For women in today's struggling states, the threat is more intimate: 
kidnapping and sexual exploitation, often facilitated by friends or 
relatives. In the cold language of the global marketplace, women forced into 
prostitution are often "an entry-level commodity" for criminals, because 
"the initial outlay is a fraction of the sum required to engage in car 
theft" and "they can cross borders legally and do not attract the attention 
of sniffer dogs."

Glenny reserves his most undisguised contempt for their tormentors.

He has no love, either, for the Russian oligarchs - with their ludicrous 
Soviet-nostalgia parties, complete with toiling peasants - who have pillaged 
the country's mineral resources and laundered billions beyond its borders 
while the majority of the populace struggles to eke out a living. Neither 
does he spare any patience for the rapacious Western appetites so much of 
today's illegal trafficking aims to satisfy.

But certain criminals, Glenny writes, make good points: the Nigerian e-mail 
scammers who see robbing greedy, gullible Westerners as payback for an ugly 
colonial legacy, or the Chinese snakeheads who bring a needed, albeit 
illegal, labor force to shrinking European economies.

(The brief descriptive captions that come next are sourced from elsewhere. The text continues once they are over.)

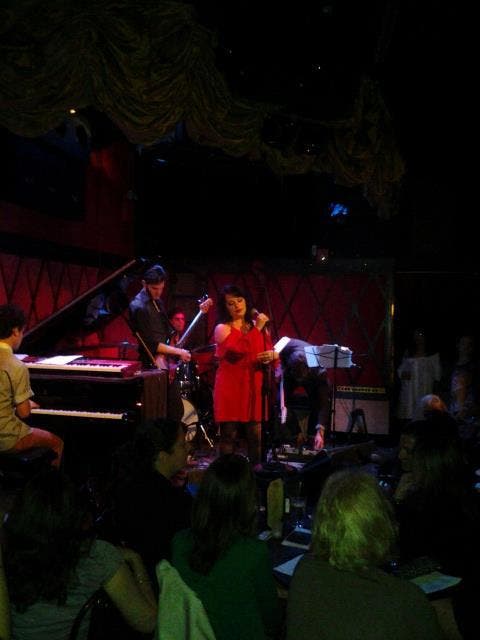 review thumbnail images 2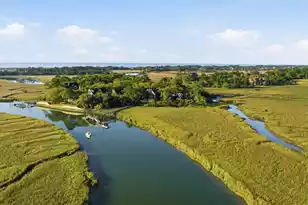 23 Cormorant Island Ln, Kiawah Island, SC 29455 - Photo 171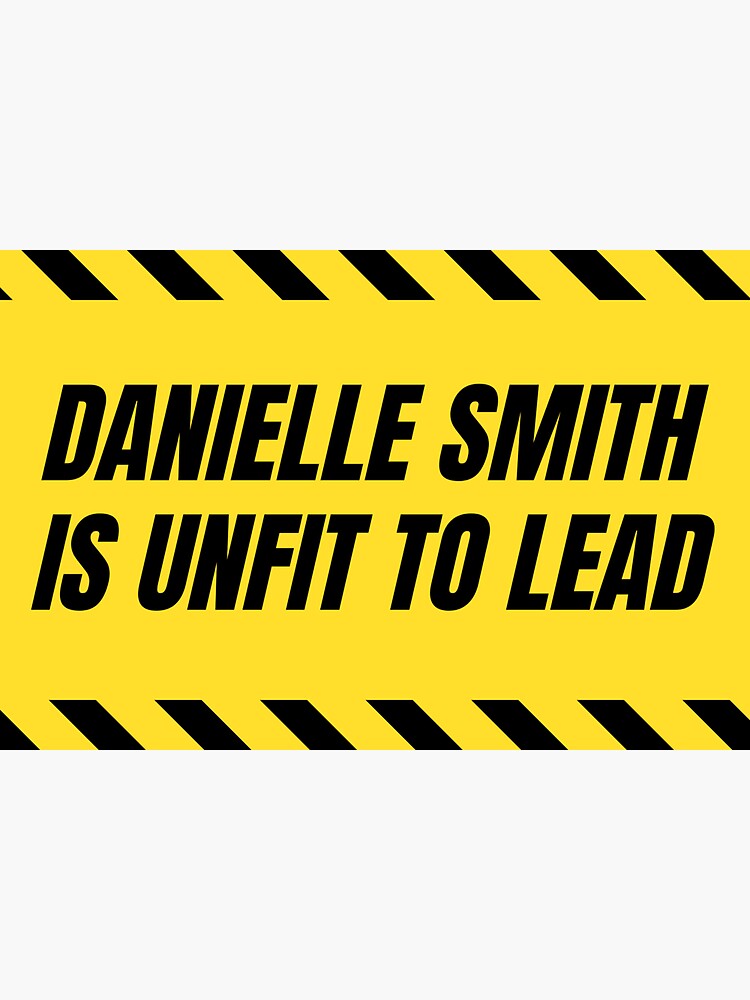 SpeakUp407's tweet image. @NateHornerAB Carbon tax has NOTHING to do with the lack of hiring. Your mafia govt is just screwing public healthcare and education.
You are all criminals.
#UCPMustGo 
#abpoli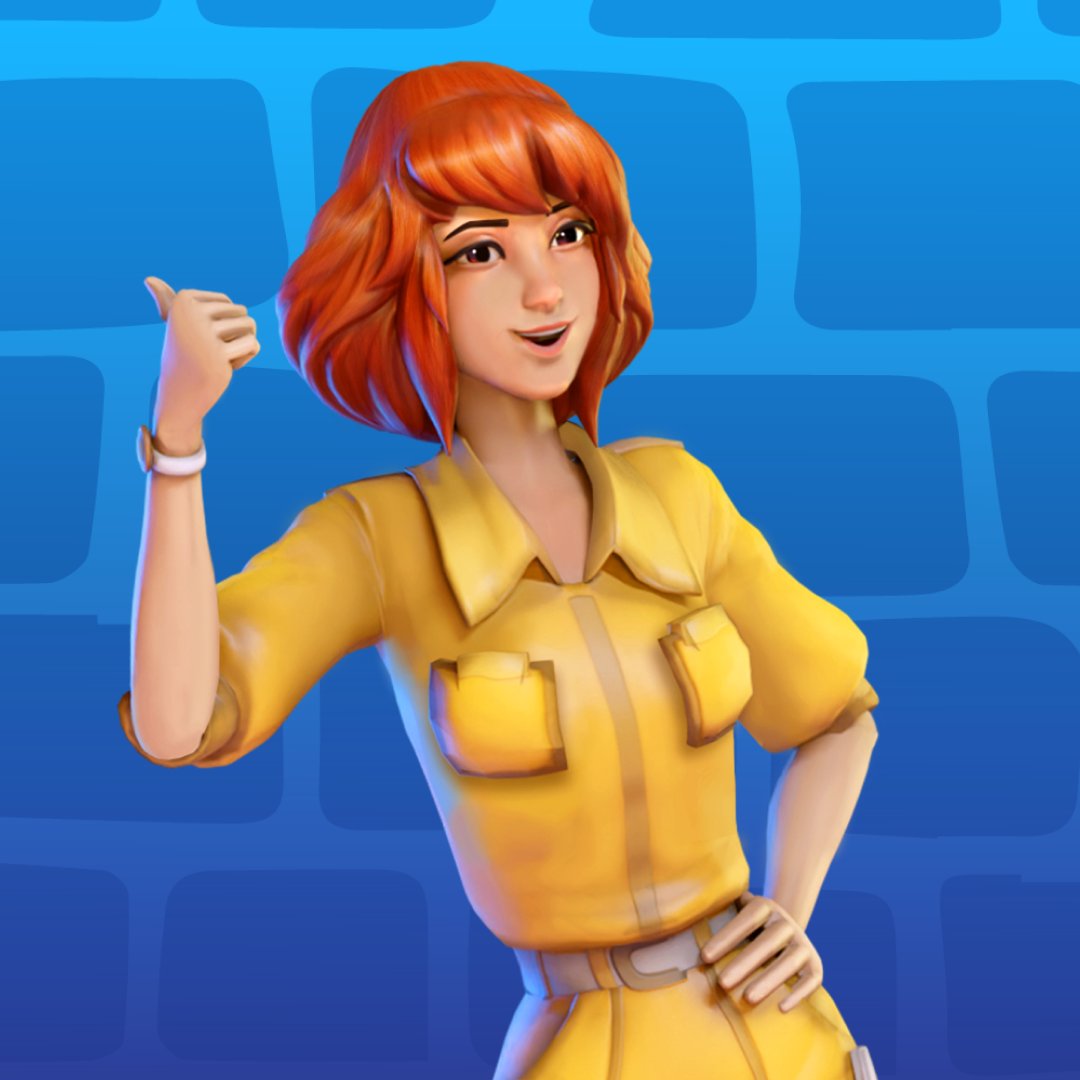 SolitaryScribbles on Twitter: SolitaryScribbles on Twitter: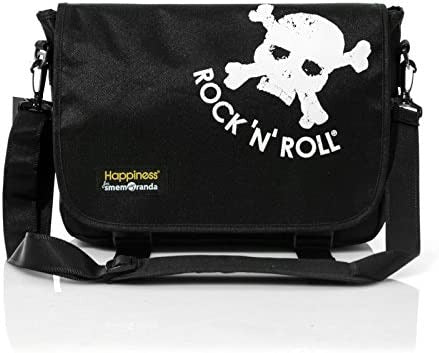 11397_1|2627cad98f4d3f6fe5f07c68212a79ca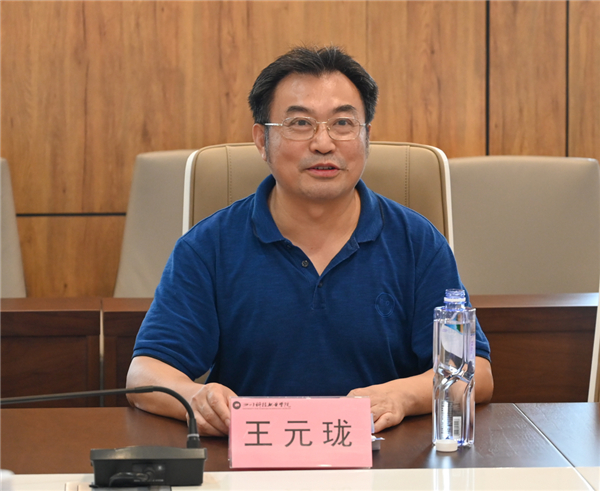 1594979361532561.jpg DSC_6349.jpg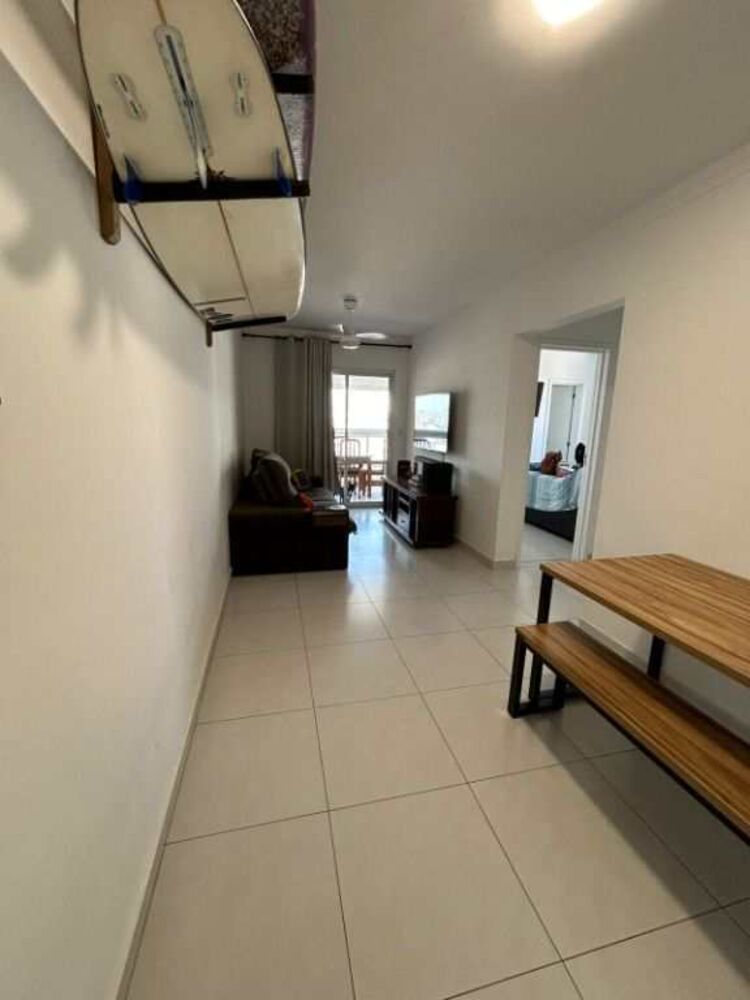 Apartamento, 2 quartos, 71 m² - Foto 6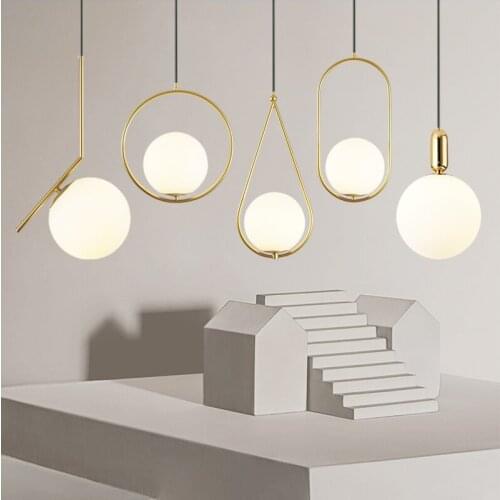 Modern crystal lustres lustres para quarto kitchen chandeliers avizeler nordic decoration home lamparas de techo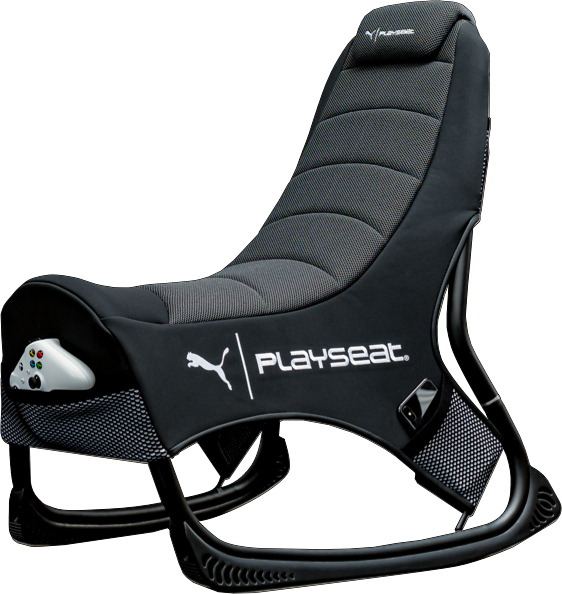 Playseat Puma Active Gaming Seat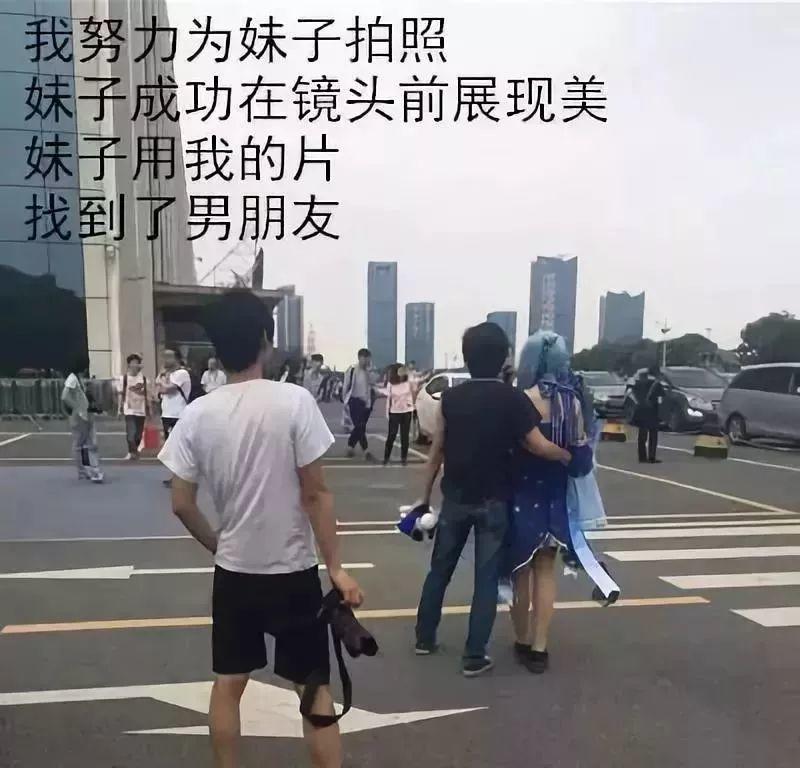 心酸！东莞第一批“穷人”名单新鲜出炉...肯定有你认识的！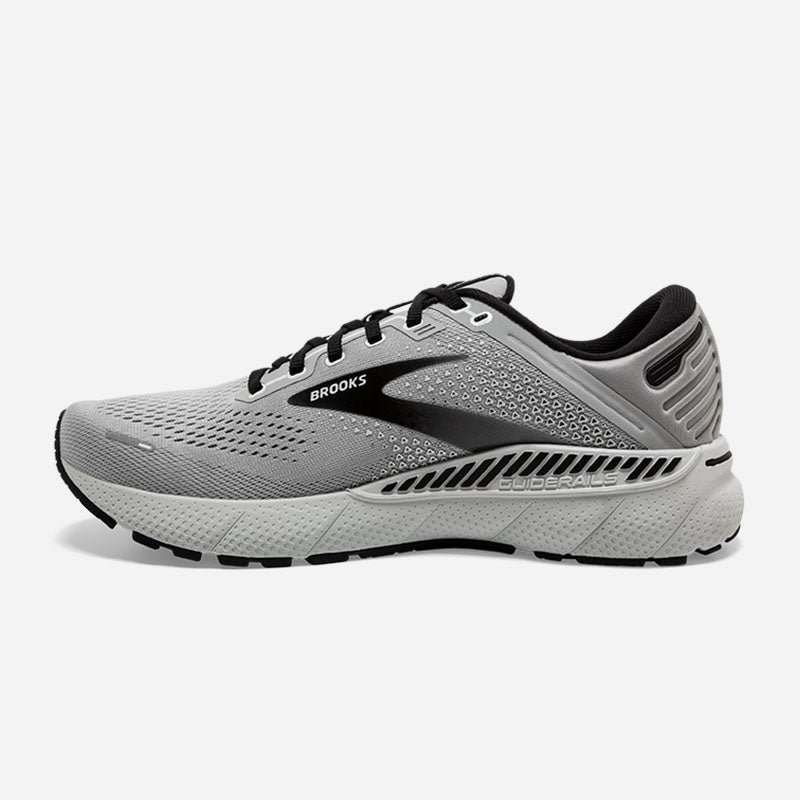 Brooks Men's Adrenaline GTS 22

What's more, in cities 
like Odessa, enlightened criminal leaders have helped to maintain order in 
the face of political and economic catastrophe.

For all these reasons, policing global crime is an unprecedented challenge. 
The most urgent need, Glenny says, is for greater regulation of financial 
markets, because "the deeper the involvement of shadow funds with the licit 
money markets, the harder it becomes to follow the cash that is the key to 
the successful policing of international organized crime."

Meantime, like their licit counterparts, many criminals see their future in 
outsourcing to China.

Although his story becomes increasingly disjointed as it progresses, 
Glenny's journey through the international underworld is, on the whole, a 
rich and illuminating one. The problem of crime in a globalizing world may 
have no quick fix - but in "McMafia," it has quite a strong introduction.